I've recently learned that journalctl
is occupying a big chunk of my 16GB SD card (Raspberry Pi):
$ journalctl --disk-usage
Archived and active journals take up 312.1M in the file system.
I don't feel that journalctl
and journald
are pulling their weight in my use case for this machine.
It's an old-ish RPi, and rsyslog
is also running. I estimate my need for and use of journalctl
is maybe "once in a blue moon". Consequently, I decided I would disable journald
- which "feeds" journalctl
. I assumed this would be straightforward, using systemctl
to stop
, or perhaps just disable
ing the systemd-journald.service
so that it would not start on the next boot.
Before pulling the plug, I decided to do somee research. Instead of finding thousands of references that offered "how-to" advice, there were remarkably few results addressing my specific search term: "how to disable journald". Instead, the results mostly offered advice on reducing journald
's resource consumption. I did find a couple of references that gave me pause:
An old thread in the ArchLinux forum suggested it was not possible to disable journald
without repercussions; i.e. "Masking systemd-journald causes all kinds of dependency failures and drops you at an emergency prompt."
But this post is now 10 years old...
The systemd-journald.service manual says, "stopping it [systemd-journald.service] is not recommended."
. The documentation proceeds from there to discuss namespaces?
I've learned that the usual command to prevent systemd
units from starting has no effect; i.e. it starts normally:
$ sudo systemctl disable systemd-journald.service
$ sudo reboot
# ... and after boot & login:
$ systemctl status systemd-journald.service
● systemd-journald.service - Journal Service
Loaded: loaded (/lib/systemd/system/systemd-journald.service; static)

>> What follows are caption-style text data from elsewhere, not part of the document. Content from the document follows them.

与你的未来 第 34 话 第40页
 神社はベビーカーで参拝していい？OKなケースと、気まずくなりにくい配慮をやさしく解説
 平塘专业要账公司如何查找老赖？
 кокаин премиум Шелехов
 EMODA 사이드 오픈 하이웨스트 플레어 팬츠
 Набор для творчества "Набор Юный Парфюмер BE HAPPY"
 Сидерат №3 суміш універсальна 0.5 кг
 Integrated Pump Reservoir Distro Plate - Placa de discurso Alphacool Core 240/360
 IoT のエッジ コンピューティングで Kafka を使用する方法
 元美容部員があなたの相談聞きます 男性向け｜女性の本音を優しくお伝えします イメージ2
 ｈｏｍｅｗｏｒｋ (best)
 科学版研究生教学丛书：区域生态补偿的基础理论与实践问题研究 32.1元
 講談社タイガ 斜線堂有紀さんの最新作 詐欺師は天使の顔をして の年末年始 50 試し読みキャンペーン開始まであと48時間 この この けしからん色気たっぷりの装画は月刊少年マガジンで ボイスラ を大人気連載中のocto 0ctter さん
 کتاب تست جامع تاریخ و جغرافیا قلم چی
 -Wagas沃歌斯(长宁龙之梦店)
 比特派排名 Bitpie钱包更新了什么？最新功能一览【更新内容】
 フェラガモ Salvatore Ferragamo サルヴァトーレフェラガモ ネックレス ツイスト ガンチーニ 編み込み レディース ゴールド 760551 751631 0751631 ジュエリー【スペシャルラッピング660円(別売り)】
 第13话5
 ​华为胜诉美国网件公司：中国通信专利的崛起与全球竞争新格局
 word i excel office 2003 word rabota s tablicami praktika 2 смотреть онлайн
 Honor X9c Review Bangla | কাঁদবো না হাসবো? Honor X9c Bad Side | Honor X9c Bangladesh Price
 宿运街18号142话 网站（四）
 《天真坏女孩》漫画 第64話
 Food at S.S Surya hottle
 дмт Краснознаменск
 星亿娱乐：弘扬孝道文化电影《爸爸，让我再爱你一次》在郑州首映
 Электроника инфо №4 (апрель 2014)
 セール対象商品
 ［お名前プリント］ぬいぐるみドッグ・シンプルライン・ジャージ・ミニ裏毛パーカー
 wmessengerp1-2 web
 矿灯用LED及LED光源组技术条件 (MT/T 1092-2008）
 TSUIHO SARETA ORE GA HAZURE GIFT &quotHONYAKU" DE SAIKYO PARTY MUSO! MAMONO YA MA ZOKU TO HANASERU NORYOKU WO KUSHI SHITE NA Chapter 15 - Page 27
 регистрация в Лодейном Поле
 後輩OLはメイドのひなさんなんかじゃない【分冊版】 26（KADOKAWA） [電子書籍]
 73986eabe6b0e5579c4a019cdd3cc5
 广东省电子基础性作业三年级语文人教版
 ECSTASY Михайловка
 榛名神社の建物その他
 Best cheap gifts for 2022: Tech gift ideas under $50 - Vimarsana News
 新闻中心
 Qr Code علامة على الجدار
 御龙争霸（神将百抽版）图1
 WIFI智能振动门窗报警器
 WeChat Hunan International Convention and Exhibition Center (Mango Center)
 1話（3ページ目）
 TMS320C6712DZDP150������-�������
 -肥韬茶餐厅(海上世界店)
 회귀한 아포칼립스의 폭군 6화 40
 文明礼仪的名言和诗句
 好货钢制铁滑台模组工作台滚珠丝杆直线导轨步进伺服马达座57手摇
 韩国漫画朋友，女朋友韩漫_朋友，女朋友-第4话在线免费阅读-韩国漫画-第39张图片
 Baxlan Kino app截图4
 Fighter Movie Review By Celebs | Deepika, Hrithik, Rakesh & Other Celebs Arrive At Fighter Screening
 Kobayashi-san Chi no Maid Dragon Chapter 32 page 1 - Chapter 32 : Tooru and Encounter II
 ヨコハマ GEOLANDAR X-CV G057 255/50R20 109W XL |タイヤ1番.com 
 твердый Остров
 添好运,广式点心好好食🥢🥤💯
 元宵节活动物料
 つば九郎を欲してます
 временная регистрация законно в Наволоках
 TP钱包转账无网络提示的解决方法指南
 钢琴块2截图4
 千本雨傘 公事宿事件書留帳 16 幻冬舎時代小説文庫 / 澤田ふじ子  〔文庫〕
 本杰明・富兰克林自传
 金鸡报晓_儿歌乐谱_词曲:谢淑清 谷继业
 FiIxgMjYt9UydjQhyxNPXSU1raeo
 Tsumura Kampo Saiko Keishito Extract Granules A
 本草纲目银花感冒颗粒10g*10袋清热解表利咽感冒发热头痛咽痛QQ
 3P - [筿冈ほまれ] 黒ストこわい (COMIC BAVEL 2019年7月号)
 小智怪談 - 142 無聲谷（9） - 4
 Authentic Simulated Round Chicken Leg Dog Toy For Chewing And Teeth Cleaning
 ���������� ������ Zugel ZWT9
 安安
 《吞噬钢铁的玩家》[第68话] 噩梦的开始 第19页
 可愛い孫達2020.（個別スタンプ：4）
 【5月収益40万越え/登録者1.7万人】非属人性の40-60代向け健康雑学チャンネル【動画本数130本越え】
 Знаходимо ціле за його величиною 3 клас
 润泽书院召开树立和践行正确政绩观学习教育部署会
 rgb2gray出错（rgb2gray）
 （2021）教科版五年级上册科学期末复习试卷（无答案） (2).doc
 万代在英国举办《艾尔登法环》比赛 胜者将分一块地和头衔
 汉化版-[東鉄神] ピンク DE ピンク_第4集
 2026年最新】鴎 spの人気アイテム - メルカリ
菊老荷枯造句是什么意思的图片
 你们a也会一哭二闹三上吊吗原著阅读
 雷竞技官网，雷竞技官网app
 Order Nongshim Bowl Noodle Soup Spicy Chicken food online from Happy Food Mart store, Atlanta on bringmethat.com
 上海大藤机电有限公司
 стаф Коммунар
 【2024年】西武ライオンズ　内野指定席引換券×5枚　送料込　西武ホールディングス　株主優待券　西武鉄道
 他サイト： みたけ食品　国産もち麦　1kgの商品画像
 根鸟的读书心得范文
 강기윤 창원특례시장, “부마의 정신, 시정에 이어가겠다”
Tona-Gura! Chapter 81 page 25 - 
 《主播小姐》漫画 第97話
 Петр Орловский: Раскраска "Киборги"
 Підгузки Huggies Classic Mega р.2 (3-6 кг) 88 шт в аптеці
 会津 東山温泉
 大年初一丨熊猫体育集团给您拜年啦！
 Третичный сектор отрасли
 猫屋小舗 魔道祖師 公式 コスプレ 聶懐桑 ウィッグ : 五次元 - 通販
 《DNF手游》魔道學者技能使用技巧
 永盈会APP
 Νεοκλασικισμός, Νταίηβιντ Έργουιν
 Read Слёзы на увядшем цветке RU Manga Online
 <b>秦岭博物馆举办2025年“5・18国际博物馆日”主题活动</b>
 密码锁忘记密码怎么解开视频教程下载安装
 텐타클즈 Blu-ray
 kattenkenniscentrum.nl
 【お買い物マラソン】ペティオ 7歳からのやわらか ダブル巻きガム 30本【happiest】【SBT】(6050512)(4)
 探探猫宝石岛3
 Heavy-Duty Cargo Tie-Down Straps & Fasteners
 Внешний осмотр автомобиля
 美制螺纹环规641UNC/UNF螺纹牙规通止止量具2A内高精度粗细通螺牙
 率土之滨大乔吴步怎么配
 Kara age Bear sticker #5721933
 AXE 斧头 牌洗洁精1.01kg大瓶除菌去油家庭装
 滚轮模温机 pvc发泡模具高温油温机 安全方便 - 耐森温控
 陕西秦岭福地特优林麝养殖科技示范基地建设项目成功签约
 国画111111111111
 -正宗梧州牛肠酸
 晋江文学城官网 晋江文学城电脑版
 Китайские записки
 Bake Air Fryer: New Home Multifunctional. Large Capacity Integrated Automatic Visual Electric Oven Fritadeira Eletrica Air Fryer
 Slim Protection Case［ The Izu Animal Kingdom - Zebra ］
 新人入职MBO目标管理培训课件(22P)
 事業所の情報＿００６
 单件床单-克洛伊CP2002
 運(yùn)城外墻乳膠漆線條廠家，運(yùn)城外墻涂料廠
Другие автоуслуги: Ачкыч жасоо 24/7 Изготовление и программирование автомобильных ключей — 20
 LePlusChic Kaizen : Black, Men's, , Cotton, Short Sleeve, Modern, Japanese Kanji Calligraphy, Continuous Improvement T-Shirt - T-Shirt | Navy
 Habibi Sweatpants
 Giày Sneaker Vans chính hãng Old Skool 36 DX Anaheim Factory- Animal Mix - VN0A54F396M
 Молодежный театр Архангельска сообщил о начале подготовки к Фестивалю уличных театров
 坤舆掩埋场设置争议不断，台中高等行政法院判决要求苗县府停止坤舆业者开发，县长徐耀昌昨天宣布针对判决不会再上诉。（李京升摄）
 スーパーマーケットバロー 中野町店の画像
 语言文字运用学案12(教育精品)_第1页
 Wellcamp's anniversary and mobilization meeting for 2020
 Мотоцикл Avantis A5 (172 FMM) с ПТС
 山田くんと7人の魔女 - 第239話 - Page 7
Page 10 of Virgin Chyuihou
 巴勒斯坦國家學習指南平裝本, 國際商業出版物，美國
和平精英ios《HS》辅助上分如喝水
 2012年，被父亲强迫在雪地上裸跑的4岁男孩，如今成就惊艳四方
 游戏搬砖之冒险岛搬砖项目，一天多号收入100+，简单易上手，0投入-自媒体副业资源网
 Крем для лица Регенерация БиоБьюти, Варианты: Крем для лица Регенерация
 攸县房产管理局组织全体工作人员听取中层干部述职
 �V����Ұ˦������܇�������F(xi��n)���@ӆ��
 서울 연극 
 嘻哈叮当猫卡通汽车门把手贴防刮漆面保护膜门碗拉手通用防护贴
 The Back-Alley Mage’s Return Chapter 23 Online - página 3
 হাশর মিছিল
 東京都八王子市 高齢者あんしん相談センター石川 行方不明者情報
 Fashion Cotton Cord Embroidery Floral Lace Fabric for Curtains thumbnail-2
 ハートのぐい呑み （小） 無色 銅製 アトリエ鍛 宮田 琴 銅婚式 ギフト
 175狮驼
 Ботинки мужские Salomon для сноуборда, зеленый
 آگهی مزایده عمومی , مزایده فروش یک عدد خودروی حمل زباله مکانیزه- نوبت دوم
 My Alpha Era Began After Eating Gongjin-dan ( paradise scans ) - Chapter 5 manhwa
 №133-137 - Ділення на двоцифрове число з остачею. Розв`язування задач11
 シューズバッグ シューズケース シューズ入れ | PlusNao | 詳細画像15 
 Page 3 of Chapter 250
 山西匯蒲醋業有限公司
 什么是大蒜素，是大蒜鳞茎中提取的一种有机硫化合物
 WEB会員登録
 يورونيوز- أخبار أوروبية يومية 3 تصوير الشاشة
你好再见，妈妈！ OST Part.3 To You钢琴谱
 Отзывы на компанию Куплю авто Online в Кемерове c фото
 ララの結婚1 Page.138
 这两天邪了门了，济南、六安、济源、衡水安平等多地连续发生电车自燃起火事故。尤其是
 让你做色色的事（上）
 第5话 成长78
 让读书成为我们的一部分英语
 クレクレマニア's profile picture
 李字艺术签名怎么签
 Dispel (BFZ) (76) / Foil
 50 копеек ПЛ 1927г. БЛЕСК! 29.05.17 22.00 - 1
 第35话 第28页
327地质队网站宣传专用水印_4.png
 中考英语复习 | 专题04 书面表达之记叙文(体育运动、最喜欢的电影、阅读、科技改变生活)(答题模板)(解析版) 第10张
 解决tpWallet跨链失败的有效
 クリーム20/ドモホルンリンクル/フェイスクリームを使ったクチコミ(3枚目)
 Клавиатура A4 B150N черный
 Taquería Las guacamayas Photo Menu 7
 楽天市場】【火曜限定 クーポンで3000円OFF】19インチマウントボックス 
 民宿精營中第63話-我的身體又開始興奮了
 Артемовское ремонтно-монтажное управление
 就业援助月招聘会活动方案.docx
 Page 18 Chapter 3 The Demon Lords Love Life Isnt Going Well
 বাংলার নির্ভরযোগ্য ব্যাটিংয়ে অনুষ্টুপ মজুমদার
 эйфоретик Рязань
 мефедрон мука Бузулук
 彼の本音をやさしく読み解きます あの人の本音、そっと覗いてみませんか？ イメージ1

Active: active (running) since Fri 2022-06-03 07:30:29 UTC; 1min 59s ago
TriggeredBy: ● systemd-journald-audit.socket
● systemd-journald.socket
● systemd-journald-dev-log.socket
Docs: man:systemd-journald.service(8)
man:journald.conf(5)
Main PID: 134 (systemd-journal)
Status: "Processing requests..."
Tasks: 1 (limit: 1598)
CPU: 820ms
CGroup: /system.slice/systemd-journald.service
└─134 /lib/systemd/systemd-journald
...
$
How can journald
be disabled? ... or can it be disabled?
If not, why would the systemd
developers force this on users? (OK, yeah - asking for an opinion, so forget that part of the question.)